## EXERCISE GOAL
Begin at the line below that holds "Biała bawełniana bluzka" and end at the line that holds "celebrations with us!", transcribing each line exactly and skipping any picture.

Start of DATA FOR THIS TASK

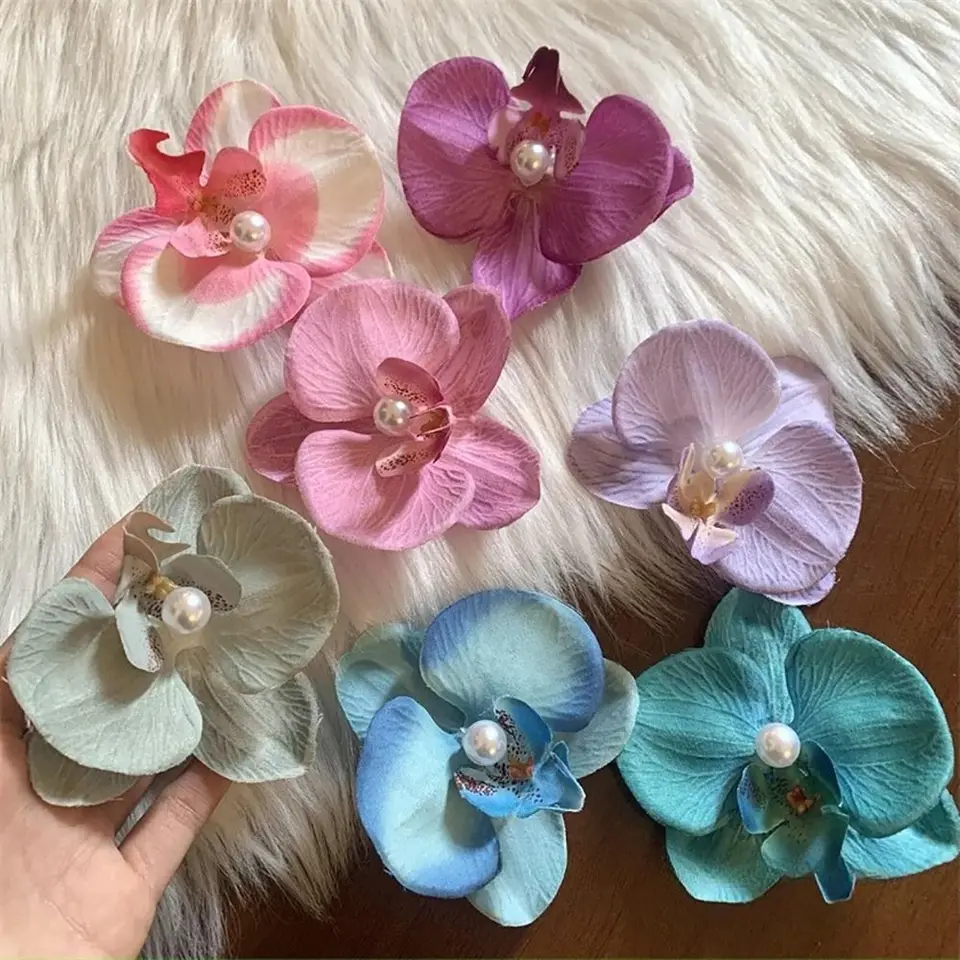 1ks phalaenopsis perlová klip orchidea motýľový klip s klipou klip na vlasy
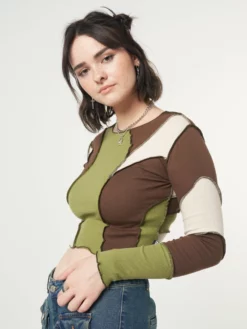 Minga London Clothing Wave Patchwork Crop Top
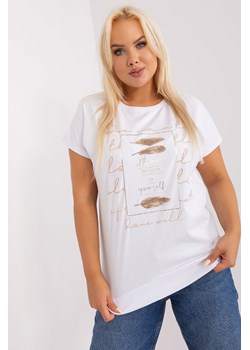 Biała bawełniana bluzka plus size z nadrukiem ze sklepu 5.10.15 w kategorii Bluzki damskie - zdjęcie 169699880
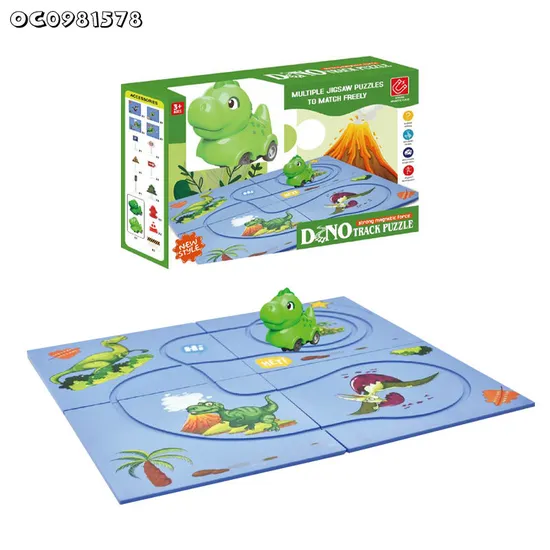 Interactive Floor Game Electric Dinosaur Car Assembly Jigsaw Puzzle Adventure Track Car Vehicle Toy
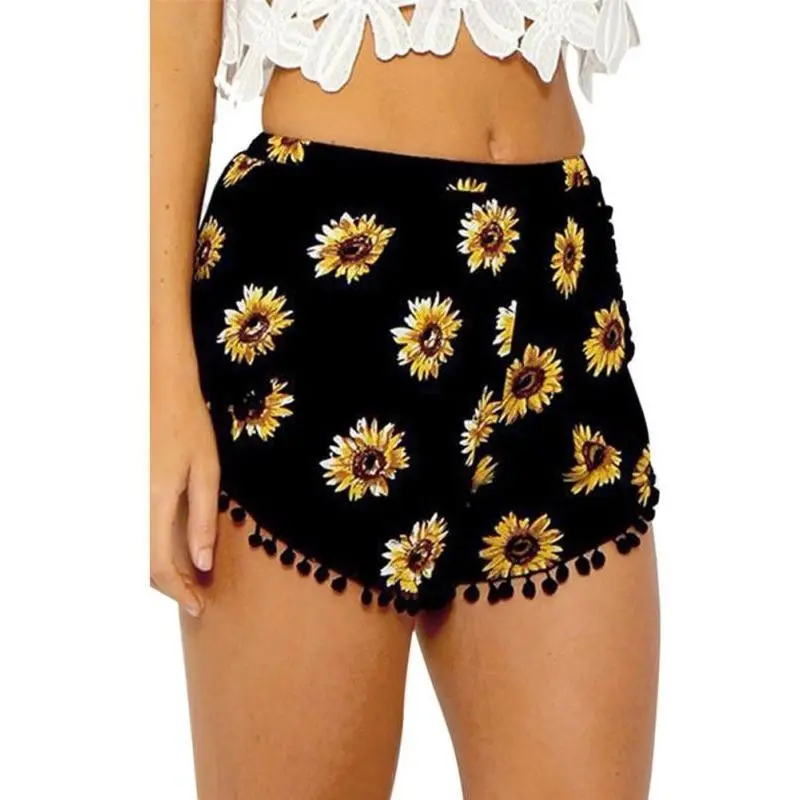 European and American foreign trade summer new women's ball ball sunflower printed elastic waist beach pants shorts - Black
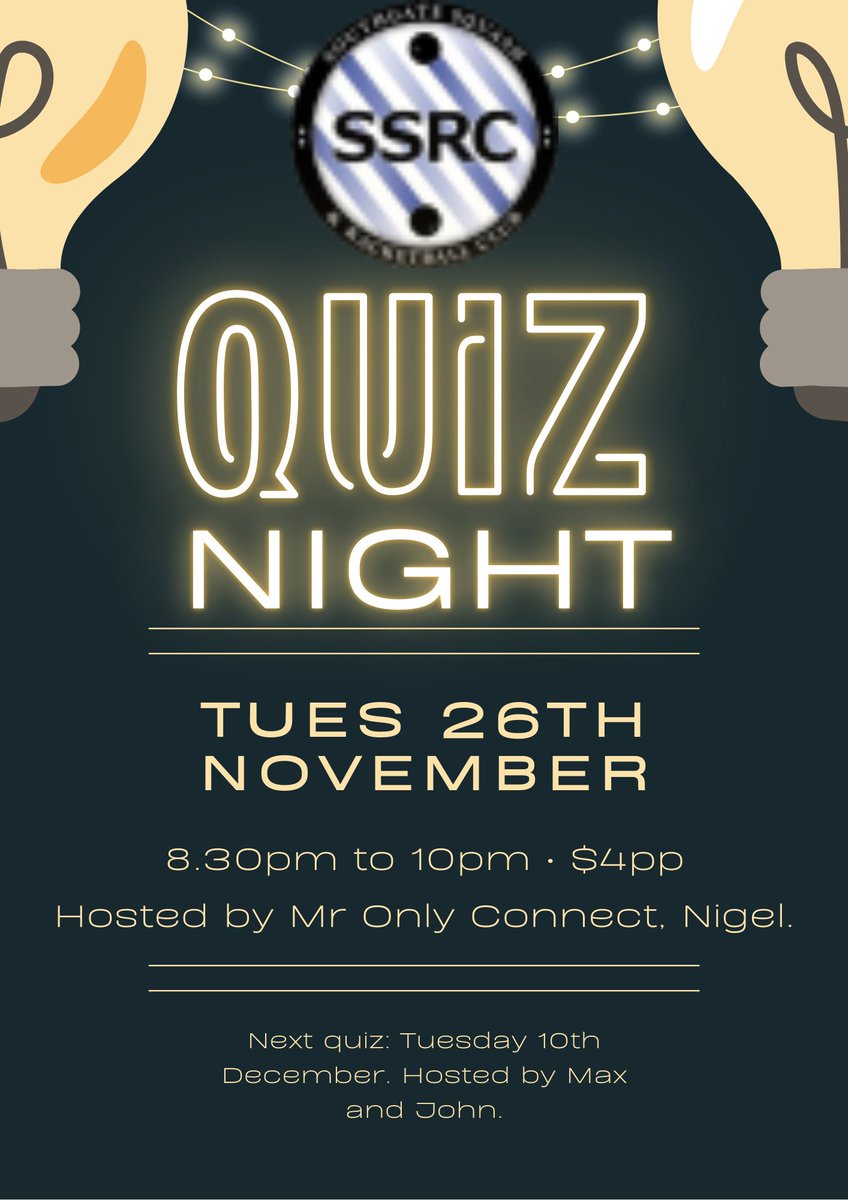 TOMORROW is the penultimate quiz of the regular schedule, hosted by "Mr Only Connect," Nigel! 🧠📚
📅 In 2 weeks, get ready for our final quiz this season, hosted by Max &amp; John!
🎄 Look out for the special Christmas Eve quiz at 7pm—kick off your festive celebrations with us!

End of DATA FOR THIS TASK
Start of DATA FOR THIS TASK

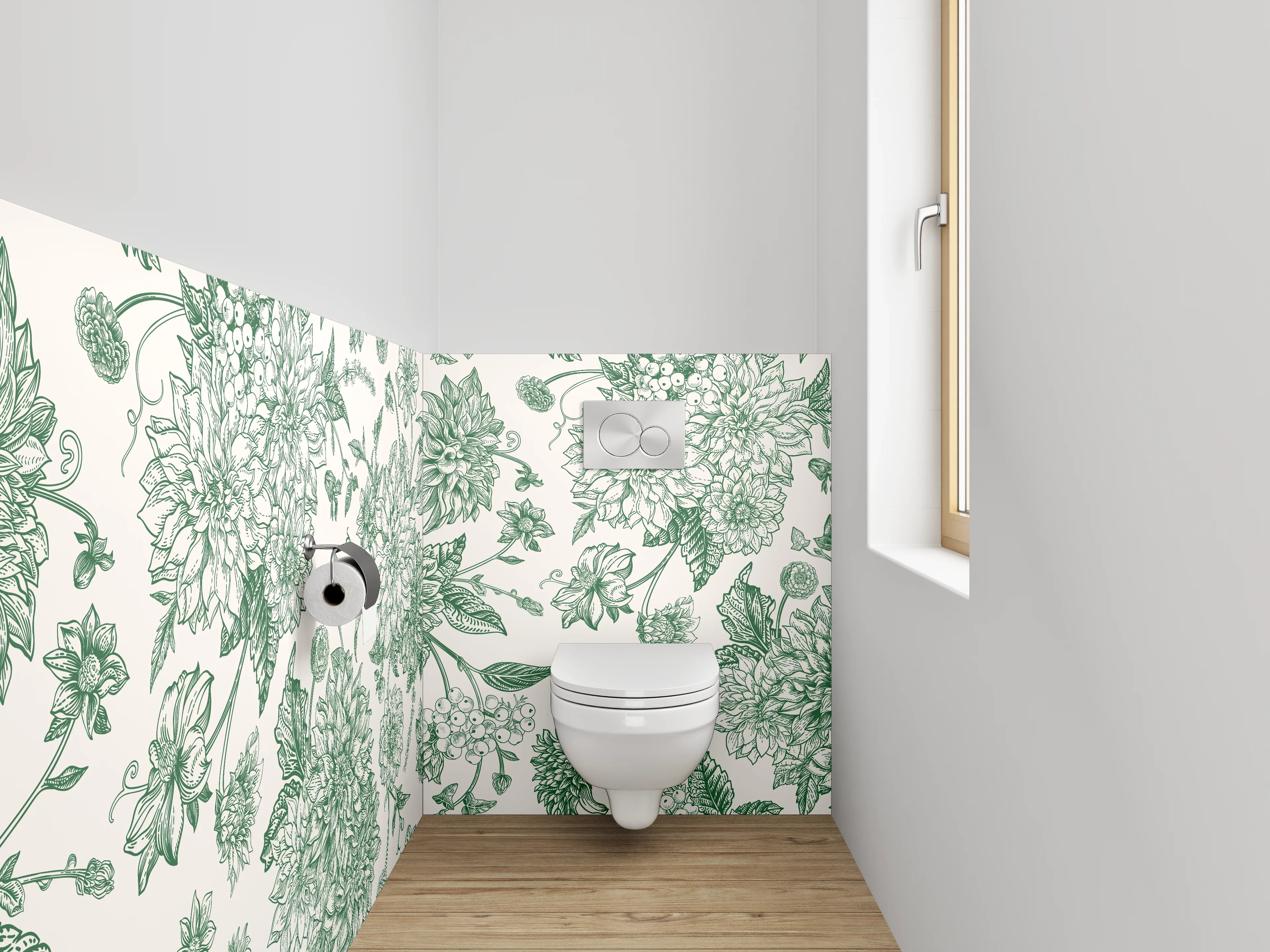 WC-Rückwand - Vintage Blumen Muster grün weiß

End of DATA FOR THIS TASK

## SOLVED EXERCISE
 Biała bawełniana bluzka plus size z nadrukiem ze sklepu 5.10.15 w kategorii Bluzki damskie - zdjęcie 169699880
 Interactive Floor Game Electric Dinosaur Car Assembly Jigsaw Puzzle Adventure Track Car Vehicle Toy
 European and American foreign trade summer new women's ball ball sunflower printed elastic waist beach pants shorts - Black
 TOMORROW is the penultimate quiz of the regular schedule, hosted by "Mr Only Connect," Nigel! 🧠📚
📅 In 2 weeks, get ready for our final quiz this season, hosted by Max &amp; John!
🎄 Look out for the special Christmas Eve quiz at 7pm—kick off your festive celebrations with us!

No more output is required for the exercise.